Other observation I noticed, the gate is now gone over near the parking structure that blocked the walk between the building and the pool.  You can't even tell where it had been.   That area is now completely open and has removed one layer of security after hours to that part of the property.  Now I've always thought that it also provided a trap for those coming out of the parking structure trying to get back to the property when the key wasn't handy or if the reader didn't work, and frankly that gate was always loud closing so there are upsides to that being gone.    

(Oooppsss 35 minutes).   Time to go.


----------



## ricoba (Apr 9, 2011)

UW, even though I don't post here too much anymore, when we did own HGVC it was Karen Street and we always liked it.  

But having said that, when I was an owner, I always put in a call to a resort manager (at whatever HGVC) I was staying in if I had a complaint.  When I did I always got an excellent answer and a satisfactory resolution.  I also called when I received excellent customer service to let the manager know which employee did go above and beyond the expected.  

I always found the managers of each resort I called very receptive to hear from the customer.  So I wouldn't hesitate to call.

BTW, I kind of miss not posting here too much anymore!


----------



## PigsDad (Apr 9, 2011)

ricoba said:


> BTW, I kind of miss not posting here too much anymore!


We miss your posts, too!

Kurt


----------



## ricoba (Apr 9, 2011)

PigsDad said:


> We miss your posts, too!
> 
> Kurt



Thank you. 

I guess I should post more often over here, since I do have a lot of past HGVC knowledge (I think we owned for just about 5+ years and had some great trips).

I just don't want to confuse anyone regarding any new issues, since I am not up on the latest and greatest.

I also guess that I have a bit of timeshare envy and feel sad that I am not part of this HGVC thread/board anymore.


----------



## nonutrix (Apr 10, 2011)

ricoba said:


> Thank you.
> 
> I guess I should post more often over here, since I do have a lot of past HGVC knowledge (I think we owned for just about 5+ years and had some great trips).
> 
> ...



We miss you!  Maybe you should buy another HGVC, so you'll have a reason to be back. 

nonutrix


----------



## Talent312 (Apr 10, 2011)

nonutrix said:


> We miss you!  Maybe you should buy another HGVC, so you'll have a reason to be back.



OR just say you did, and no one will know any diff'rent.
_After all, behind this persona, I'm really Barbara Bush._


----------



## tahoeJoe (Apr 10, 2011)

*Pursue it*



UWSurfer said:


> Do I drop it or pursue it to help keep the quality experience high?



Pursue it.

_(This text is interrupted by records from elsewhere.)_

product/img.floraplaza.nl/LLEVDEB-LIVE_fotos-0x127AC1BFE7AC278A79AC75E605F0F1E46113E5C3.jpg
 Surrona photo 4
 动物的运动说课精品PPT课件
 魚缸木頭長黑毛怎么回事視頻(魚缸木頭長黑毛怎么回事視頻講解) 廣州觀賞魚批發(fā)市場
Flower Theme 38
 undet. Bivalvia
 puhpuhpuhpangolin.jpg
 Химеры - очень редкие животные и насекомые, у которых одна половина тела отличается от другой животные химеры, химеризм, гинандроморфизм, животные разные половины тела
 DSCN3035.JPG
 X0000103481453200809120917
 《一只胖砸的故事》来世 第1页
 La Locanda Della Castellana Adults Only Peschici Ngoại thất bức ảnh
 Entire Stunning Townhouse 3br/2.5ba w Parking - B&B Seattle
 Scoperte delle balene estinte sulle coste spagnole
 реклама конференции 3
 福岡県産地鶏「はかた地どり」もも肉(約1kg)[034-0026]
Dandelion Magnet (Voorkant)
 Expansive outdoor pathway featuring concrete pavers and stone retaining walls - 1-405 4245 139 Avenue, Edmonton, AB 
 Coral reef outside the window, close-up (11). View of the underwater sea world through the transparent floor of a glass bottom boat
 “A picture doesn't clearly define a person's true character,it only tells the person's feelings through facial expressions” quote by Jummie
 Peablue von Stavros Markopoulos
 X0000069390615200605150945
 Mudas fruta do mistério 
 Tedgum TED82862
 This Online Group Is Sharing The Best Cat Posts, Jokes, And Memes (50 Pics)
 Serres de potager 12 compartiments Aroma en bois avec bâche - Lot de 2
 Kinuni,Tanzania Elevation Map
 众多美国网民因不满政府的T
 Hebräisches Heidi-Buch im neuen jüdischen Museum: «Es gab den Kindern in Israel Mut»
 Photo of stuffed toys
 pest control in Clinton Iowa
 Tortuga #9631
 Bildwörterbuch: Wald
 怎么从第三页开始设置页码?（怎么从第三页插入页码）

If these items bothered you (rest assured they will bother others) then it is important to say something. Most of these are easy fixes that the GM could take care of. You pay very good money to own here, you literally pay the salaries of all involved, so speak UP!! 

Just curious, did you ask for $5 charge to be reversed? If not, ask when you call the GM, and definitely do so in the future. 

-TJ


----------



## 7SeasLover (Apr 10, 2011)

Sometimes it's the little things that add to a great experience.  Mention them and they'll likely be mentioned at staff meetings.


----------



## UWSurfer (Apr 11, 2011)

Ok I pursued it...but only after one other mis-step.   They forgot the mid-week cleaning which was due yesterday.

On my way out to my meetings I stopped by the desk to speak with the manager.   I was told that they were in a meeting but if I'd give them my cellphone they would call me.  I agreed and reported to the desk clerk the problem I had with the DVD player not being connected (per the instructions printed up on little cards) on the bedroom tv, the remote control being out and the missed mid-week cleaning.  He said he'd get on it.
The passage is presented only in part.